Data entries
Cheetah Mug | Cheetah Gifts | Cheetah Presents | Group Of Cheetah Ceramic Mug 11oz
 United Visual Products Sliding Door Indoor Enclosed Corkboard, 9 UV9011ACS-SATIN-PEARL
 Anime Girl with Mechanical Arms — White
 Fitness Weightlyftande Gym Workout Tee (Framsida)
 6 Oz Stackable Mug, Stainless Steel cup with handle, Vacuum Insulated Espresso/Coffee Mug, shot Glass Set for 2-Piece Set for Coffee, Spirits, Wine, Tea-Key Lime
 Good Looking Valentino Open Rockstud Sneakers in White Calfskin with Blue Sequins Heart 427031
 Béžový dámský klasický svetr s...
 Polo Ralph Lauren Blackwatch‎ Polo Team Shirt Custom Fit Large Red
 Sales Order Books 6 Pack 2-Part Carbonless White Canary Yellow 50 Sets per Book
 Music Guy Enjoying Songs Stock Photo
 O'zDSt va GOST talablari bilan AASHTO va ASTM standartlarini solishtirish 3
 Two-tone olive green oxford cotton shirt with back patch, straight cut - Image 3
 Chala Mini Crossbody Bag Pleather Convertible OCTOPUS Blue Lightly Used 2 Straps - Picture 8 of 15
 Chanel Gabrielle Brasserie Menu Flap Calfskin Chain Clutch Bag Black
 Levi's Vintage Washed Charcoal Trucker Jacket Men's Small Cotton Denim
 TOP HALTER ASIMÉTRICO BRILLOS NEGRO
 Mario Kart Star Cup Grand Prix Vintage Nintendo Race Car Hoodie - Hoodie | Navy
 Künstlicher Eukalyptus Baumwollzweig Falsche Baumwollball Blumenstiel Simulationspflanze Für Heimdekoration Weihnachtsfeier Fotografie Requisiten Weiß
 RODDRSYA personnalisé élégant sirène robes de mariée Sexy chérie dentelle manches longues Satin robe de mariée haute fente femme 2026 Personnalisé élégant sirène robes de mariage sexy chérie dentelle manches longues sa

## PROBLEM DESCRIPTION
Each line above is to be copied exactly as written.

## EXERCISE OUTPUT
Cheetah Mug | Cheetah Gifts | Cheetah Presents | Group Of Cheetah Ceramic Mug 11oz
 United Visual Products Sliding Door Indoor Enclosed Corkboard, 9 UV9011ACS-SATIN-PEARL
 Anime Girl with Mechanical Arms — White
 Fitness Weightlyftande Gym Workout Tee (Framsida)
 6 Oz Stackable Mug, Stainless Steel cup with handle, Vacuum Insulated Espresso/Coffee Mug, shot Glass Set for 2-Piece Set for Coffee, Spirits, Wine, Tea-Key Lime
 Good Looking Valentino Open Rockstud Sneakers in White Calfskin with Blue Sequins Heart 427031
 Béžový dámský klasický svetr s...
 Polo Ralph Lauren Blackwatch‎ Polo Team Shirt Custom Fit Large Red
 Sales Order Books 6 Pack 2-Part Carbonless White Canary Yellow 50 Sets per Book
 Music Guy Enjoying Songs Stock Photo
 O'zDSt va GOST talablari bilan AASHTO va ASTM standartlarini solishtirish 3
 Two-tone olive green oxford cotton shirt with back patch, straight cut - Image 3
 Chala Mini Crossbody Bag Pleather Convertible OCTOPUS Blue Lightly Used 2 Straps - Picture 8 of 15
 Chanel Gabrielle Brasserie Menu Flap Calfskin Chain Clutch Bag Black
 Levi's Vintage Washed Charcoal Trucker Jacket Men's Small Cotton Denim
 TOP HALTER ASIMÉTRICO BRILLOS NEGRO
 Mario Kart Star Cup Grand Prix Vintage Nintendo Race Car Hoodie - Hoodie | Navy
 Künstlicher Eukalyptus Baumwollzweig Falsche Baumwollball Blumenstiel Simulationspflanze Für Heimdekoration Weihnachtsfeier Fotografie Requisiten Weiß
 RODDRSYA personnalisé élégant sirène robes de mariée Sexy chérie dentelle manches longues Satin robe de mariée haute fente femme 2026 Personnalisé élégant sirène robes de mariage sexy chérie dentelle manches longues sa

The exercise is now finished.